1. Questions to the First Minister – in the Senedd on 1 February 2022.
1. What support is available to children who have suffered sexual abuse and exploitation? OQ57540
Llywydd, the Welsh sexual assault service is led by the NHS, working with the police, social services and specialist third sector organisations. Together they aim to prevent sexual abuse and exploitation of children, to protect child victims and to support abused children into recovery.
Child sexual abuse has wide-reaching and long-lasting effects on physical and mental health. Children who have suffered multiple traumas may develop post-traumatic stress disorder, depression and anxiety. During the first six months of 2021-22, there was a 65 per cent increase in the number of National Society for the Prevention of Cruelty to Children child sexual abuse and exploitation referrals, compared to the same six-month period during the previous year. The Welsh Government's action plan on preventing and tackling child sexual abuse is due to conclude during the summer of this year. With the knowledge that children who receive the correct support can recover without long-term effects, we need to keep the momentum going and prioritise the availability of integrated, child-centred specialist sexual abuse services for children. The Lighthouse in north London is one successful example of the Child House model, based on the Barnahus in Iceland, and is the only multi-agency child sexual abuse and exploitation support service of its kind in the UK. Will the First Minister evaluate The Lighthouse service and, using the evidence, explore providing the same service for children in Wales?
Well, Llywydd, I thank Buffy Williams for those important points and that additional question. The interim report of The Lighthouse service is available, but the final evaluation report will not be available until later in this year. We look forward, of course, to seeing what that evaluation says. The basic premise of The Lighthouse model is that it is better to bring services to children rather than children have to visit multiple locations to receive services, and clearly there's a great deal to be said for that.
Picking up a model from an intensely urban part of London—five London boroughs contribute to The Lighthouse service—and simply dropping it in Wales seems unlikely to me to be the complete answer. In the interim report, Llywydd, it said that there were, on average, 29 referrals a month from the five London boroughs into that service. In Wales, the north Wales and south Wales services between them have an average of just over 19 referrals a month, which, in effect, would mean there would be a single centre for the whole of Wales, and that wouldn't deliver the basic premise of it being more convenient for young people. So, I think, as well as learning the lessons of The Lighthouse service and its success, we have to develop a hub-and-spoke model here in Wales, where there are specialist services for children in that awful position but where there are also services closer to their own homes, able to provide the sort of assistance I outlined in my original answer.
Gareth Davies.
Diolch, Llywydd, and it's great to be back in the Chamber. First Minister, unfortunately, the support services available in Wales continue to be woefully inadequate and we are letting our victims down. And whereas we are getting better, we still have a fair way to go. Trauma support has such long waiting lists it may as well not be there. So, First Minister, do you agree that, alongside the gold standard support, we should also be putting greater efforts into prevention? Will you ensure that all children's services adopt a trauma-informed approach, like they do in Scotland?

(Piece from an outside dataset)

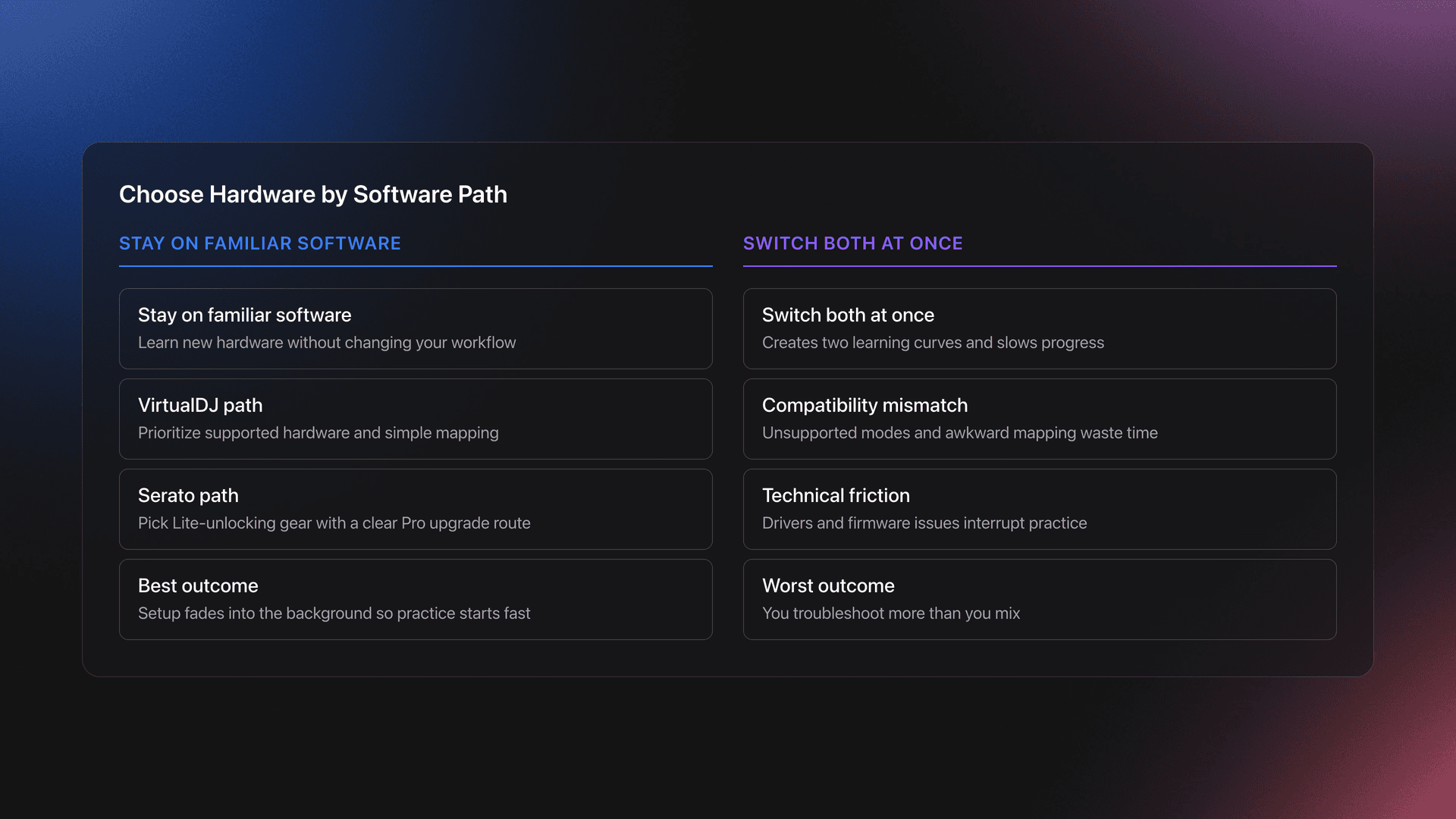 Side-by-side comparison showing the benefits of matching DJ hardware to your software path versus the problems caused by switching both hardware and software at once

Well, Llywydd, I agree, of course, that, particularly in an area like this, it will always be much better to prevent harm from happening than to try to help children to deal with the consequences of harm. I think the Member's question would be more helpful if he relied a good deal less on assertion and provided a little more evidence to underpin what he had to say, because I heard no evidence at all in the first part of his supplementary question, just a series of unsupported assertions.
In terms of trauma-informed practice, well, of course, we have the adverse childhood incident programme, established by my former colleague Carl Sargeant, which has done so much in Wales to make sure that front-line workers in the field of child protection, but far more than that, in housing, and in health, and in other front-line services, have that trauma-informed approach to the work that they do. So, on the substantive points that the Member makes—prevention on the one hand, trauma-informed practice on the other—I agree with what he said this afternoon.